After constructing a solution S by calling the above-mentioned function in line 9 of Algorithm 3, each tour of S undergoes a local search process, as indicated in line 10. This local search procedure applies well-known intra-route operators such as relocation, swap, and two_opt in sequential order. Moreover, the best-improvement strategy is adopted in the context of the applied operators. The so-called relocation operator sequentially extracts each node from its existing position within a route and repositions it at an alternative location inside the same route. On the other hand, the swap operator works by interchanging the positions of a pair of selected nodes belonging to the same route. Lastly, the two_opt neighborhood explores every feasible combination of choosing two non-adjacent nodes in the same route and then reverses the arrangement of the nodes situated between the chosen pair of nodes.

Upon the application of local search, the so-called merge step is executed in line 11 in the same way as in any other CMSA algorithm. After probabilistically constructing \({n_{\textrm{a}}}\) solutions and forming the subinstance \(C'\), the subinstance is solved by first generating a corresponding ILP model based on model \(\texttt {ILP}_{\textrm{std}}^{\textrm{EVRP}}\) and then solving the model with a CPU time limit of \(t_{\textrm{ILP}}\) seconds with CPLEX in function SolveSubinstance(\(C'\), \(t_{\textrm{ILP}}\)). In order to generate this model, the following constraints are added to \(\texttt {ILP}_{\textrm{std}}^{\textrm{EVRP}}\):

$$\begin{aligned} \quad x_{ij} = 0 \quad \text {for all } c_{ij} \in C \setminus C' \end{aligned}$$
(29)

In other words, if an arc \(a_{ij}\) has not been used in any of the solutions that were merged into \(C'\), using this arc is forbidden by fixing the value of \(x_{ij}\) to zero. It is important to note that incorporating more constraints into the original ILP reduces the search space of the resulting ILP model, thereby facilitating CPLEX’s ability to generate a high-quality solution or even the optimal one for the corresponding subinstance. However, note that—due to the employed CPU time limit for each application of CPLEX—the output of function SolveSubinstance(\(C'\), \(t_{\textrm{ILP}}\)), denoted as \(S^{\textrm{ILP}}\), is not necessarily an optimal solution to the subinstance. In any case, \(S^{\textrm{ILP}}\) is subject to the application of a local search method different from the one described before. In particular, this local search procedure utilizes inter-tour neighborhoods such as exchange (1,1) and shift (1,0). The exchange (1,1) neighborhood investigates all potential two-customer swaps not part of the same tour, whereas the shift (1,0) neighborhood examines every option for removing a customer from its existing tour and placing it at any possible location in other tours. As is done within LocalSearch1(S), operators used by LocalSearch2(S) employ the best-improvement search strategy.

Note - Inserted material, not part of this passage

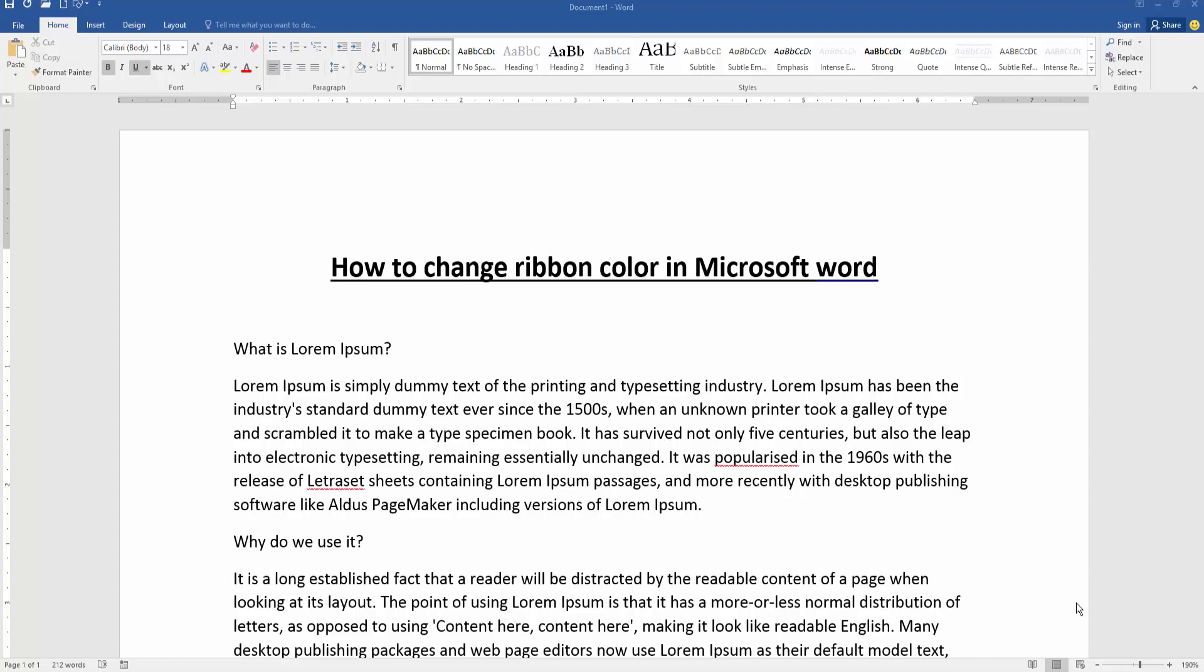At first, we have to open a Word document. Now we want to change ribbon color.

The self-adaptive nature of Adapt-Cmsa-Std can be found in the dynamical adjustment of the values of parameters \(\alpha _{\textrm{bsf}}\), \({n_{\textrm{a}}}\), and \(l_{\textrm{size}}\). The value of the dynamic parameter \(\alpha _{\textrm{bsf}}\) is bounded from below by \(\alpha ^{\textrm{LB}}\) and from above by \(\alpha ^{\textrm{UB}}\). Both \(\alpha ^{\textrm{LB}}\) and \(\alpha ^{\textrm{UB}}\) are input parameters of the algorithm. Moreover, the value of a step size parameter \(\alpha _{\textrm{red}}\) is employed for systematically reducing the \(\alpha _{\textrm{bsf}}\)’s value, if needed. Initially, the value of \(\alpha _{\textrm{bsf}}\) is set to the highest possible value, \(\alpha ^{\textrm{UB}}\), as shown in line 4.Footnote 1 If the resulting ILP is solved within a computation time \(t_{\textrm{solve}}\) that is below a proportion \(t_{\textrm{prop}}\) of the maximum possible computation time \(t_{\textrm{ILP}}\)—that is, if \(t_{\textrm{solve}}\le t_{\textrm{prop}}\cdot t_{\textrm{ILP}}\)\(\alpha _{\textrm{bsf}}\)’s value is reduced by \(\alpha _{\textrm{red}}\), as seen in line 15. The reasoning behind this step is as follows. If the resulting ILP can be easily solved to optimality for the respective subinstance, the search space is too small, owing to a relatively low number of free variables. To increase the number of free variables in the ILP, solutions produced in ProbabilisticSolutionConstruction(\(S^{\textrm{bsf}}\), \(\alpha _{\textrm{bsf}}\), \(l_{size}\)) should differ more from \(S^{\textrm{bsf}}\), which is achievable by lowering the value of \(\alpha _{\textrm{bsf}}\).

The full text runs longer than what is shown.